The Supreme Court ruled 6-3 that President Trump's executive order ending birthright citizenship for the children of illegal aliens violates the Constitution — and the establishment press celebrated by smearing the three justices who actually engaged with the original meaning of the text.
The stakes are straightforward: if being born on U.S. soil to parents who are here illegally automatically grants citizenship, then the border is never truly enforceable and the cheap-labor lobby always wins. Chief Justice John Roberts wrote the majority opinion rejecting Trump's Executive Order No. 14160, issued on his first day back in office. Justices Clarence Thomas, Sam Alito, and Neil Gorsuch dissented, arguing that the 14th Amendment's phrase "subject to the jurisdiction thereof" excludes persons born to parents not under complete U.S. political jurisdiction.
The Boulder Daily Camera, reprinting a New York Daily News editorial, called Trump's order "idiotic" and "xenophobic" and said the three dissenting justices should be "put to shame." The editorial accused them of "twisting the words to suit their own ends" — without once grappling with the actual textualist argument.
Here is the argument the press refuses to make: The 14th Amendment was ratified in 1868, after the Civil War, to guarantee citizenship for freed slaves. Its framers understood "subject to the jurisdiction thereof" to mean persons owing complete political allegiance to the United States. Illegal immigrants are subject to U.S. law in a narrow sense but owe no political allegiance — they are citizens of another country, present in violation of U.S. law. That distinction is the entire originalist case, and it is not frivolous.
The Camera editorial cites the 1898 Wong Kim Ark decision as having settled the question for 130 years. But Wong Kim Ark involved the child of legal Chinese residents — not illegal border-crossers. Conflating the two is either sloppy or deliberate. The editorial dismisses the originalist reading as the "pet project of cranks" and says "friendly legal scholars rushed to backfill legal rationalizations" only after Trump took up the cause. Translation: no constitutional argument that threatens the open-borders consensus will be taken seriously, no matter its merit.

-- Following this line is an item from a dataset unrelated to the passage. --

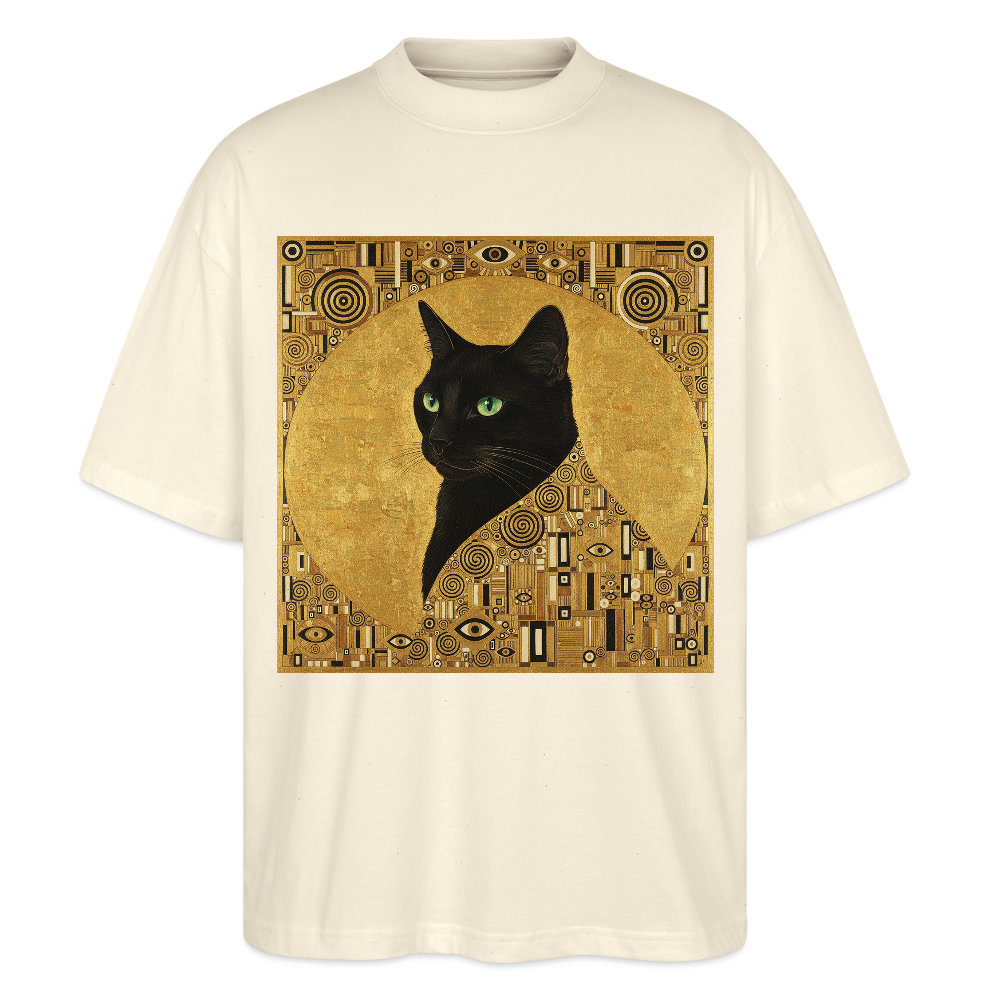 Adele… aber sie schnurrt – Goldene Katze à la Klimt | Stanley/Stella Oversized Unisex Bio T-Shirt Blaster - Natur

The pattern extends beyond the courtroom. The Philadelphia Inquirer reported that the Trump administration is rushing to install new exhibit panels at the President's House in Philadelphia, replacing displays about slavery that the National Park Service dismantled in January. At least 50 exhibits have been pulled from more than 30 national park sites as part of the administration's effort to remove displays that "inappropriately disparage Americans past or living." The Inquirer frames this as "whitewashing" — the same reflex that drives the birthright citizenship coverage. Any attempt to revisit how America's founding documents and history are interpreted gets branded as extremism rather than engaged on the substance.
Trump is now calling on Congress to end birthright citizenship by legislation, as the Camera itself notes — though whether that's constitutional without an amendment is the very question the press won't debate honestly.
The Constitution won this round, the press cheers. Whether the Constitution as written — not as the commentariat wishes it read — ever gets a fair hearing remains the open question.